If you are not familiar with Amazon Forecast you can learn more about this tool on these pages:

* Product Page: https://aws.amazon.com/forecast/
* GitHub Sample Notebooks: https://github.com/aws-samples/amazon-forecast-samples
* Product Docs: https://docs.aws.amazon.com/forecast/latest/dg/what-is-forecast.html


## Obtaining Your Data

A critical requirement to use Amazon Forecast is to have access to time-series data for your selected use case. To learn more about time series data:

1. Wikipedia: https://en.wikipedia.org/wiki/Time_series
1. Toward's Data Science Primer: https://towardsdatascience.com/the-complete-guide-to-time-series-analysis-and-forecasting-70d476bfe775
1. O'Reilly Book: https://www.amazon.com/gp/product/1492041653/ref=ppx_yo_dt_b_search_asin_title?ie=UTF8&psc=1

As an exmaple for this POC guide we are going to select a dataset from the UCI repository of machine learning datasets. This is a great tool for finding datasets for various problems. In this particular case it is traffic data for a given section of interstate highway. More information on the dataset can be found here: https://archive.ics.uci.edu/ml/datasets/Metro+Interstate+Traffic+Volume

To begin the cell below when executed will create a data folder and download our dataset into it, lastly it will extract the data into a csv file we can edit locally.







In [3]:
!mkdir data
!cd data && wget https://archive.ics.uci.edu/ml/machine-learning-databases/00492/Metro_Interstate_Traffic_Volume.csv.gz
!gunzip data/Metro_Interstate_Traffic_Volume.csv.gz

mkdir: cannot create directory ‘data’: File exists
--2019-12-24 19:58:58--  https://archive.ics.uci.edu/ml/machine-learning-databases/00492/Metro_Interstate_Traffic_Volume.csv.gz
Resolving archive.ics.uci.edu (archive.ics.uci.edu)... 128.195.10.252
Connecting to archive.ics.uci.edu (archive.ics.uci.edu)|128.195.10.252|:443... connected.
HTTP request sent, awaiting response... 200 OK
Length: 405373 (396K) [application/x-httpd-php]
Saving to: ‘Metro_Interstate_Traffic_Volume.csv.gz’

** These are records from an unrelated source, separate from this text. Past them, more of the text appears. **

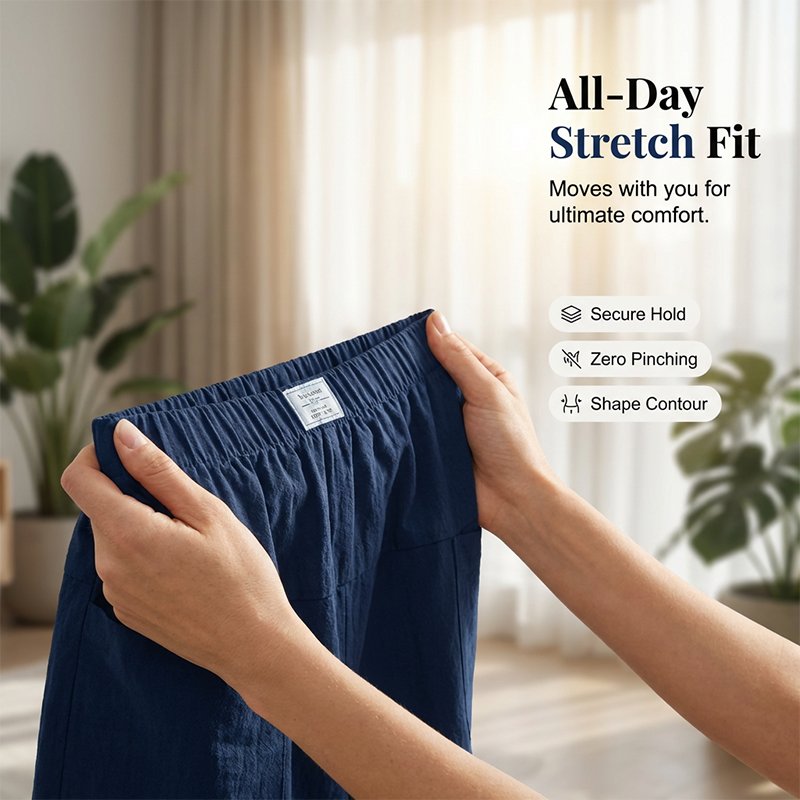 Women's Casual Elastic-Waist Wrap Skort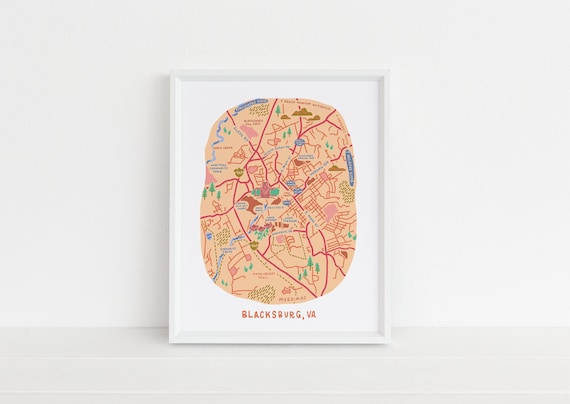 Blacksburg, Va Map Print || Blacksburg, Virginia Art || Hokie Gift || VT Grad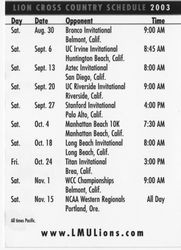 Loyola Marymount University Cross Country Schedule Card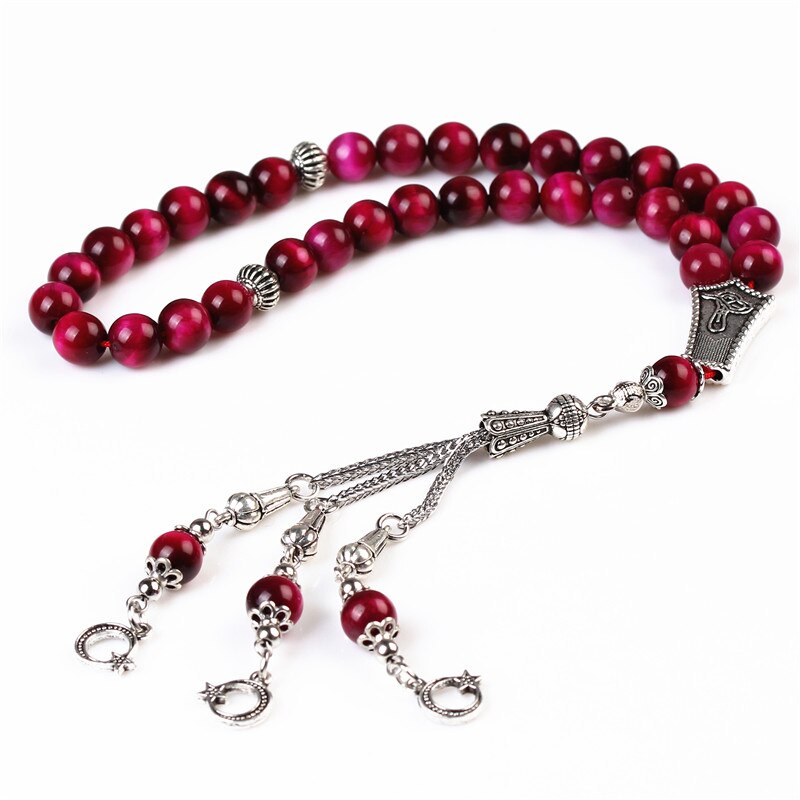 Losheren natural rosa tigre olho pedra borla 33 contas de oração muçulmano islâmico tasbih allah rosário meditação frisado pulseiras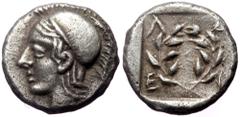 Greek Aiolis, Elaia, AR Diobol, (Silver, 1.32 g 10 mm),Circa 350-320 BC. Aiolis, Elaia, AR Diobol, (Silver, 1.32 g 10 mm),Circa 350-320 BC. Obv: Head of Athena to left, wearing crested Attic helmet Re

2019-12-24 19:58:58 (1.41 MB/s) - ‘Metro_Interstate_Traffic_Volume.csv.gz’ saved [405373/405373]



With the data downloaded, now we will import the Pandas library as well as a few other data science tools in order to inspect the information.

In [4]:
import boto3
from time import sleep
import subprocess
import pandas as pd
import json
import time

In [5]:
original_data = pd.read_csv('data/Metro_Interstate_Traffic_Volume.csv')
original_data.head(5)

Unnamed: 0,holiday,temp,rain_1h,snow_1h,clouds_all,weather_main,weather_description,date_time,traffic_volume
0,,288.28,0.0,0.0,40,Clouds,scattered clouds,2012-10-02 09:00:00,5545
1,,289.36,0.0,0.0,75,Clouds,broken clouds,2012-10-02 10:00:00,4516
2,,289.58,0.0,0.0,90,Clouds,overcast clouds,2012-10-02 11:00:00,4767
3,,290.13,0.0,0.0,90,Clouds,overcast clouds,2012-10-02 12:00:00,5026
4,,291.14,0.0,0.0,75,Clouds,broken clouds,2012-10-02 13:00:00,4918


At this point we can see a few things about the data:

* Holidays seem to be specified
* There is a value for temp but the units are unclear